During an interview later in that day Nassau County Legislator Delia DeRiggi-Whitton, one of the attendees, spoke about her memories of that day, and how it continues to impact the lives of Americans despite the passage of time. She spoke about how she remembers her children innocently watching the show “Dragon Tales,” and how she and her husband both remember hearing a sound like a tree falling, although no tree had fallen.
“It’s amazing how quickly we’re all brought back to that moment, and we all share this common trauma,” she said. “Like any trauma, I think a lot of us are still reeling from it. You do recover to a certain degree, where you can move forward and function, but as soon as we’re reminded of it those feeling of absolute sadness, fear and shock come back.”

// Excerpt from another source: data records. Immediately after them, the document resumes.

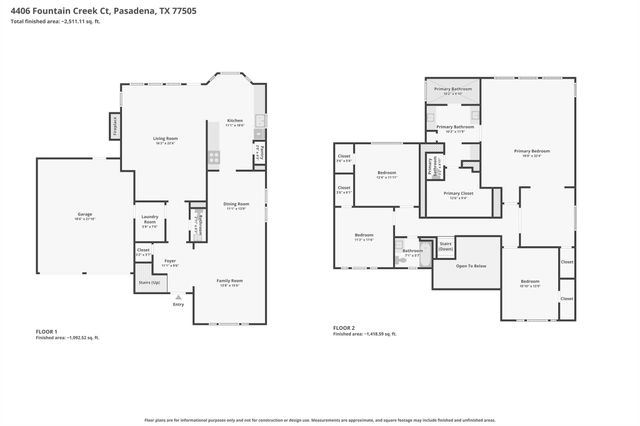 4406 Fountain Creek Court, Pasadena, TX 77505
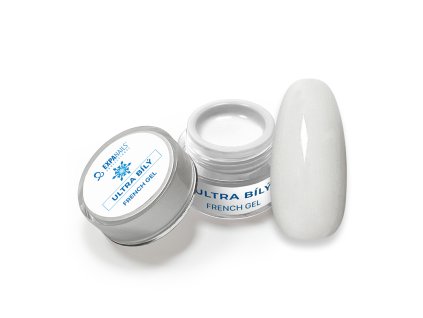 Uv Gel French White/francie - Ultra bílý (Gramáž 15 g)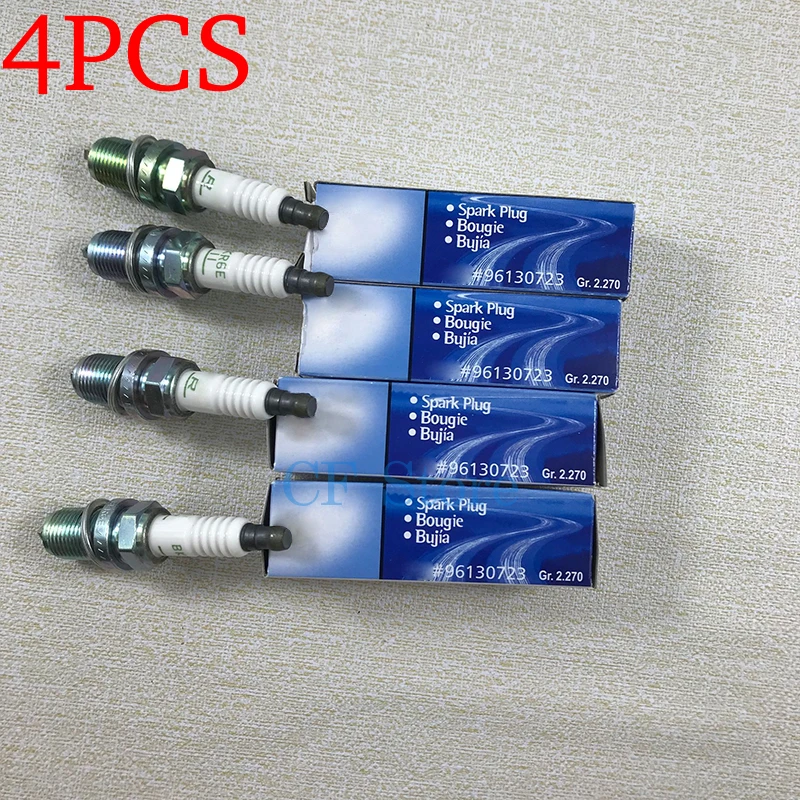 4PCS Spark Plug For Chevrolet Aveo Aveo5 2007-2008 Cruze Cadillac Daewoo Buick Excelle 1.6 Hyundai Mazda 96130723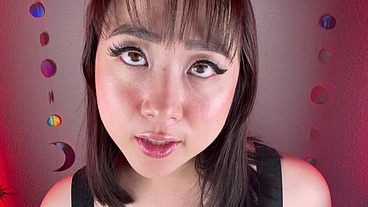 Cum on your Asian girlfriend’s face and tongue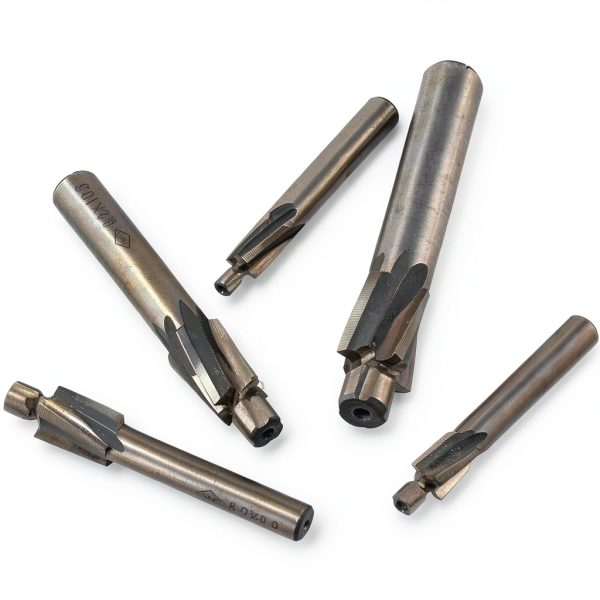 SHUATI 5Pcs Counterbore Set M3-M8 4-Flute HSS-AL Straight Shank Tool-5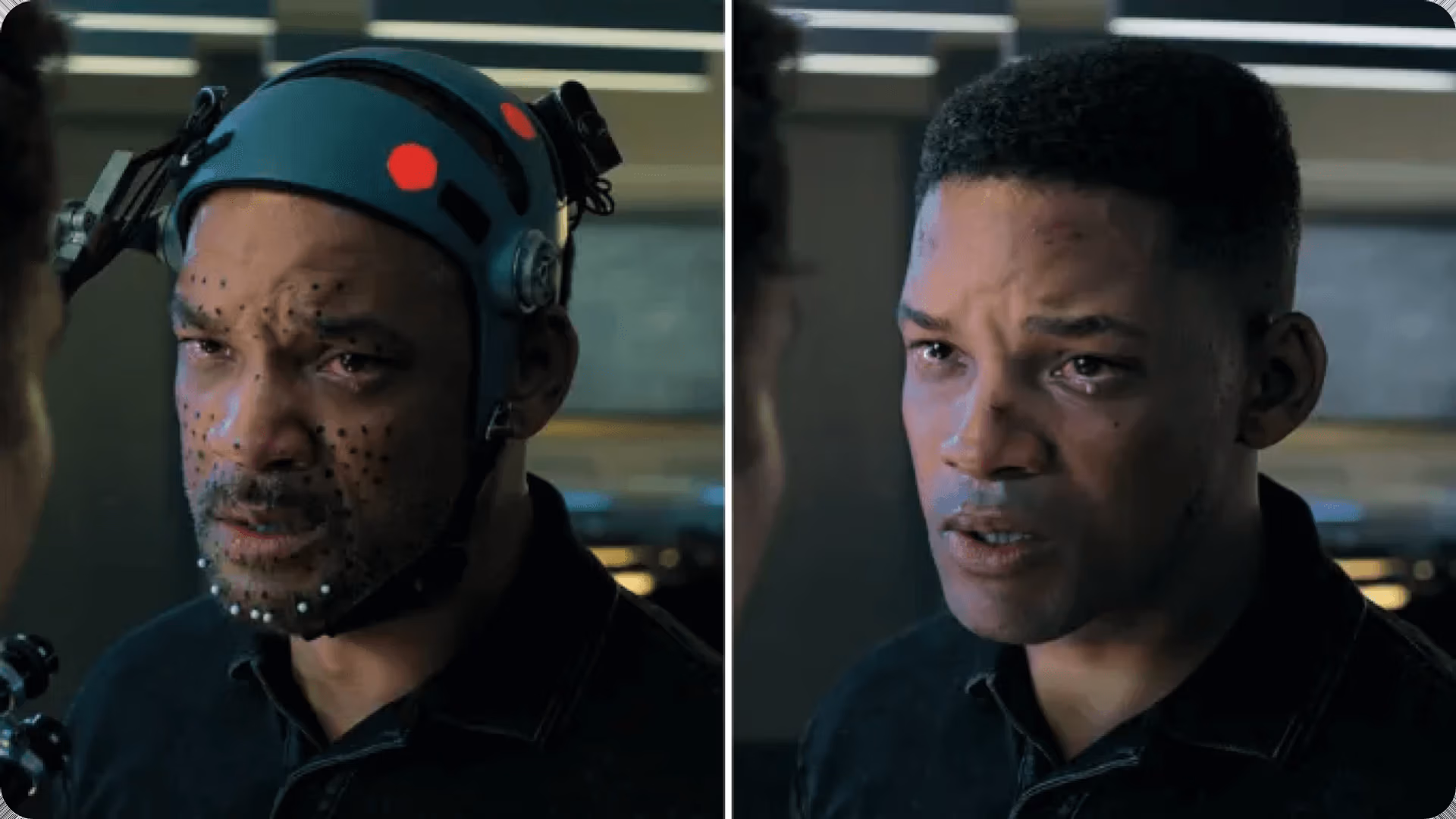 Will Smith de-aged using AI technology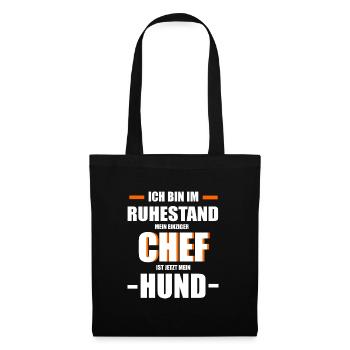 Ruhestand Chef Hund Tier - Stoffbeutel - Schwarz - Vorne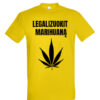 Universalūs marškinėliai "Legalizuokit žolę" auksinė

Ed Lieberman, former mayor of Sea Cliff, also spoke later in the day about how the memory of the day is still fresh in his mind. After the ceremony he said he went to the Glen Cove City Court to argue a case, which was where he was when the first attack happened, which brought back a flood of emotion and memory from that day.
“I remember it as clear as the blue sky of that day,” Lieberman said. “Twenty-two years later, it still obviously affects us all.”